OGDC Navigates Challenges with Strategic Shifts and Strong Financial Performance

Karachi: The Oil and Gas Development Company (OGDC) presented its first-quarter financial results for fiscal year 2026 in a briefing that revealed a strategic shift towards higher-risk exploration areas and significant improvements in financial collections. The company also outlined plans for future exploration and gas production amidst ongoing energy sector reforms and government discussions.

The management discussed its recent initiatives, including the completion of a 3D seismic acquisition in Uch and ongoing seismic activity in Bettani. Two wells have already been drilled in Bettani, with the prospects of a third well under evaluation. This marks a move into higher-risk areas as OGDC seeks to expand its exploration footprint.

Significant progress has been made in receivables collection, surpassing 109% of billing. Notably, recovery from Uch reached 177%, SNGPL 104%, and SSGC approximately 90%. The company’s power sector circular debt receivables from Uch currently stand at Rs59 billion, down from Rs89 billion in December 2024. Management expects the remaining balance to be recovered in the second quarter of fiscal year 2026, despite some pending disbursement issues.

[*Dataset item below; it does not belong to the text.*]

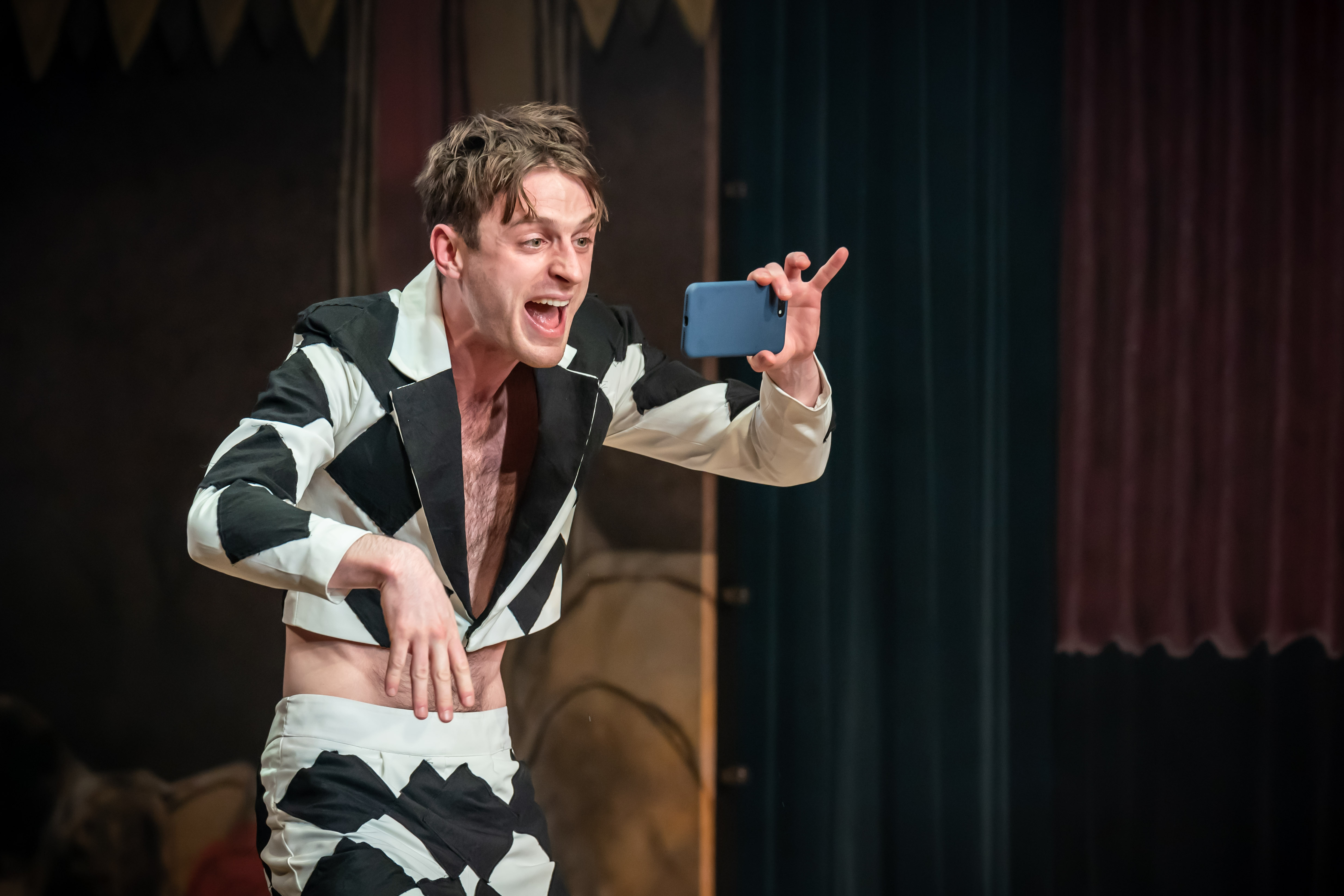 Scandaltown: What to expect - 4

Discussions with the government on the gas sector circular debt are ongoing, with a taskforce working towards a comprehensive solution that addresses gas curtailment and RLNG oversupply issues. An agreement has been reached with SNGPL to curtail gas from fields producing only gas, diverting the impact away from crude production. This has led to a reduction in crude curtailment by approximately 1,000 barrels.

OGDC had initially shifted towards oil production to counter the impact of gas curtailment but is now refocusing on enhancing gas production. Management anticipates that gas production will surpass oil production in the coming years, given ongoing energy reforms and discussions with the government. While oil production optimization remains a focus, exploration and new gas discoveries will be prioritized.

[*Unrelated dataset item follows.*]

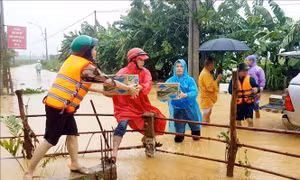 Khẩn trương chuyển quà hỗ trợ đến người dân miền Trung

In response to a potential permanent allocation of MARI gas to fertilizer plants, OGDC may divert gas supply from KPD-TAY to alternative consumers, including third parties, as the gas from this field is pipeline-quality. The management also expressed optimism about offshore exploration potential, though they acknowledged the time required for materialization.

OGDC maintains a positive outlook on its future prospects, bolstered by its trading position at a FY26E/FY27F PE of 5.8/5.6x. The company announced a third interim cash dividend of Rs2.5 per share, reflecting confidence in its financial stability and growth trajectory.